Data below:
╭──

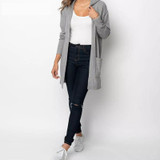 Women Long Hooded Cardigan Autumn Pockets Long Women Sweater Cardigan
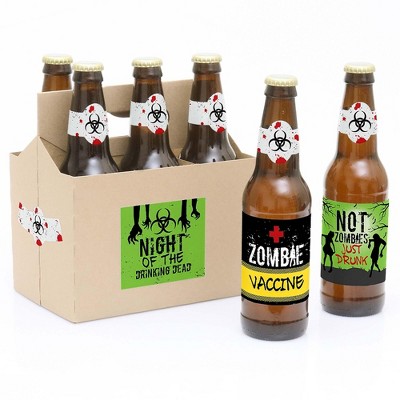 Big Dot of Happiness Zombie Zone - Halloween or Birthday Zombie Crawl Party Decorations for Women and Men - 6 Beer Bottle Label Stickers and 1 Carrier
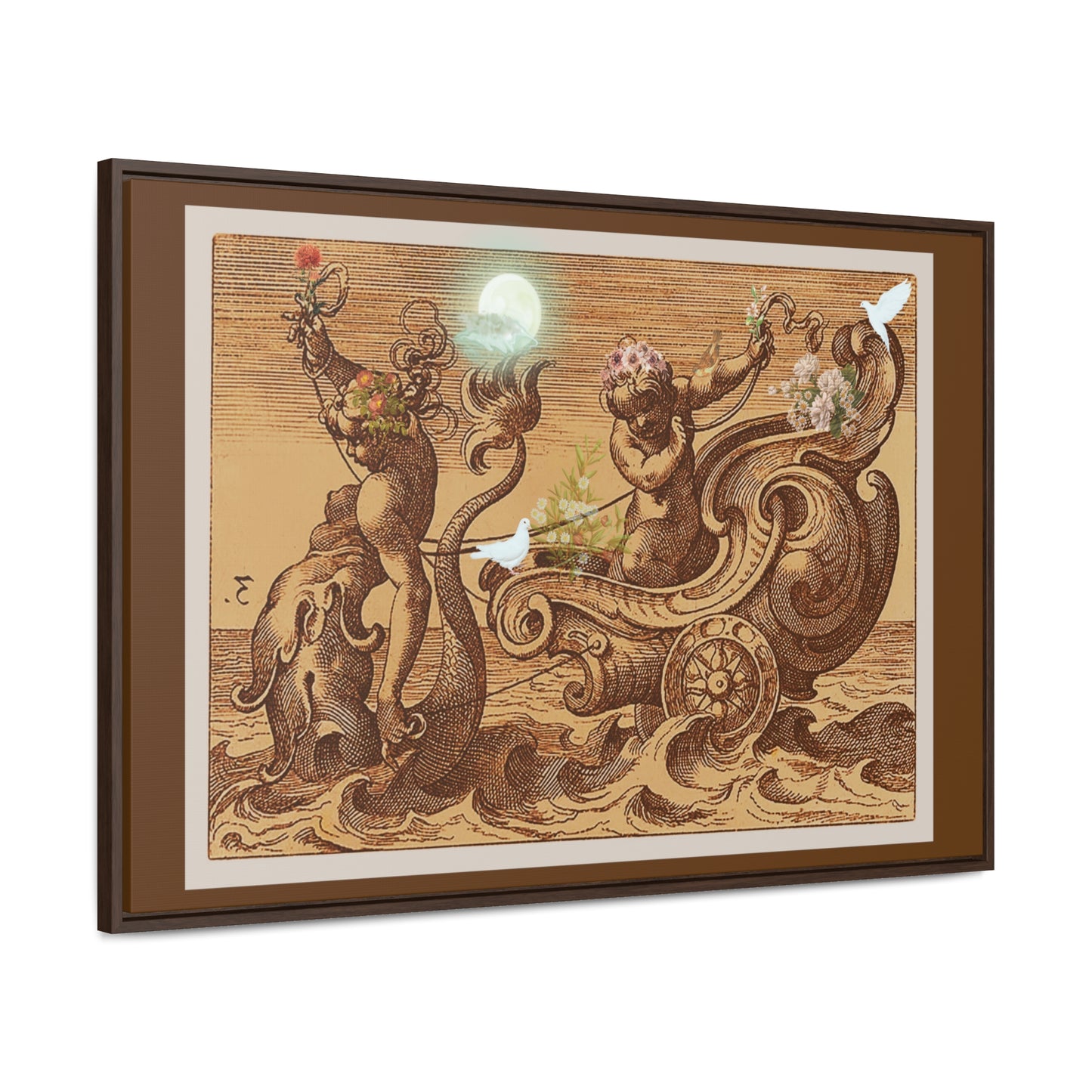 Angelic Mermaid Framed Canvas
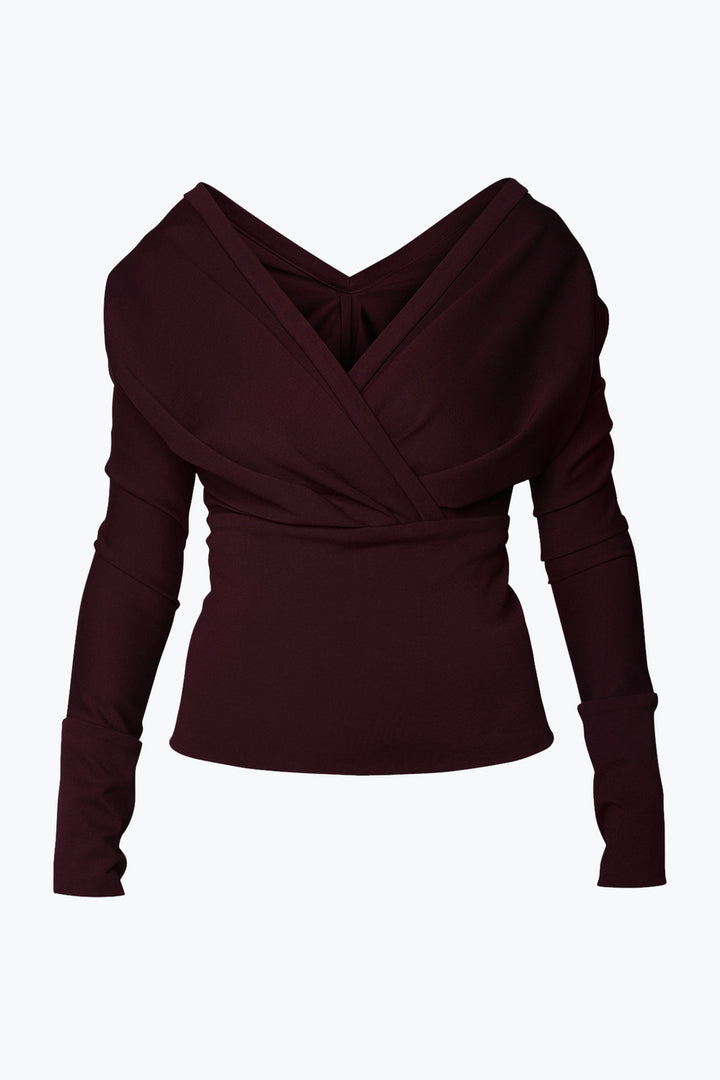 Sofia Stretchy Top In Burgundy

╰──

Work order: Only the pictures are to be dropped; the rest of the material above must be duplicated exactly.

Written response:
 Women Long Hooded Cardigan Autumn Pockets Long Women Sweater Cardigan
 Big Dot of Happiness Zombie Zone - Halloween or Birthday Zombie Crawl Party Decorations for Women and Men - 6 Beer Bottle Label Stickers and 1 Carrier
 Angelic Mermaid Framed Canvas
 Sofia Stretchy Top In Burgundy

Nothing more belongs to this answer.